[[ Input, beginning ]]

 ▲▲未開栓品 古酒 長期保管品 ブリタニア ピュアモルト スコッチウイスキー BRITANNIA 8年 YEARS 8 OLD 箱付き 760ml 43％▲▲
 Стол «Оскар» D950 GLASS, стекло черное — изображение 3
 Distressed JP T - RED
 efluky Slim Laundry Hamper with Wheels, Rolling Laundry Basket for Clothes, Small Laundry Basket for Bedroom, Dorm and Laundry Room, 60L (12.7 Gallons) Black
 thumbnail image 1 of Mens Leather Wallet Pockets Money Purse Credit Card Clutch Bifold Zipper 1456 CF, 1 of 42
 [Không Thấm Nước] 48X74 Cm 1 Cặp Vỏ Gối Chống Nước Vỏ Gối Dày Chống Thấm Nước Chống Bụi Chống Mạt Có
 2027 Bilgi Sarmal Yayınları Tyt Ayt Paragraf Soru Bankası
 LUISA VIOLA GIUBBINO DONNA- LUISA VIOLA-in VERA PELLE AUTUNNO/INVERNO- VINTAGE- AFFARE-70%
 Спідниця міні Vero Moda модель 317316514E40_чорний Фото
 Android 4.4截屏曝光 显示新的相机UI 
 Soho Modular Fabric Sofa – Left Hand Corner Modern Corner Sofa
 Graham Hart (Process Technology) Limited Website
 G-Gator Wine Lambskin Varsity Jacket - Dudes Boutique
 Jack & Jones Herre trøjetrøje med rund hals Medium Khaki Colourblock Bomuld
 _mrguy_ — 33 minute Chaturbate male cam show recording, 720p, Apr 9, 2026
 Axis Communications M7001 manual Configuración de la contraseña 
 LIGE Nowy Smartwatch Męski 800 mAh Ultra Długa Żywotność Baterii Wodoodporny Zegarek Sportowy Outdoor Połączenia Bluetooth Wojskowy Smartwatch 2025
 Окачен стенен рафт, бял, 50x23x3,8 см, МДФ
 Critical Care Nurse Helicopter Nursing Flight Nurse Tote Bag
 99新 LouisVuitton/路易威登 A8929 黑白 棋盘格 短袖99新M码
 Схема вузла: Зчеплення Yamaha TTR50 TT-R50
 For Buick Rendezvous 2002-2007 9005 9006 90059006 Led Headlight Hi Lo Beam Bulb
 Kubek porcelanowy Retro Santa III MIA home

[[ Input, end ]]

**The problem:** Extract from the records above the lines from the one containing "Android 4.4截屏曝光 显示新的相机UI" to the one containing "Схема вузла: Зчеплення Yamaha TTR50 TT-R50", both lines included, exactly as they appear and with nothing else.

**Exercise output:**
 Android 4.4截屏曝光 显示新的相机UI 
 Soho Modular Fabric Sofa – Left Hand Corner Modern Corner Sofa
 Graham Hart (Process Technology) Limited Website
 G-Gator Wine Lambskin Varsity Jacket - Dudes Boutique
 Jack & Jones Herre trøjetrøje med rund hals Medium Khaki Colourblock Bomuld
 _mrguy_ — 33 minute Chaturbate male cam show recording, 720p, Apr 9, 2026
 Axis Communications M7001 manual Configuración de la contraseña 
 LIGE Nowy Smartwatch Męski 800 mAh Ultra Długa Żywotność Baterii Wodoodporny Zegarek Sportowy Outdoor Połączenia Bluetooth Wojskowy Smartwatch 2025
 Окачен стенен рафт, бял, 50x23x3,8 см, МДФ
 Critical Care Nurse Helicopter Nursing Flight Nurse Tote Bag
 99新 LouisVuitton/路易威登 A8929 黑白 棋盘格 短袖99新M码
 Схема вузла: Зчеплення Yamaha TTR50 TT-R50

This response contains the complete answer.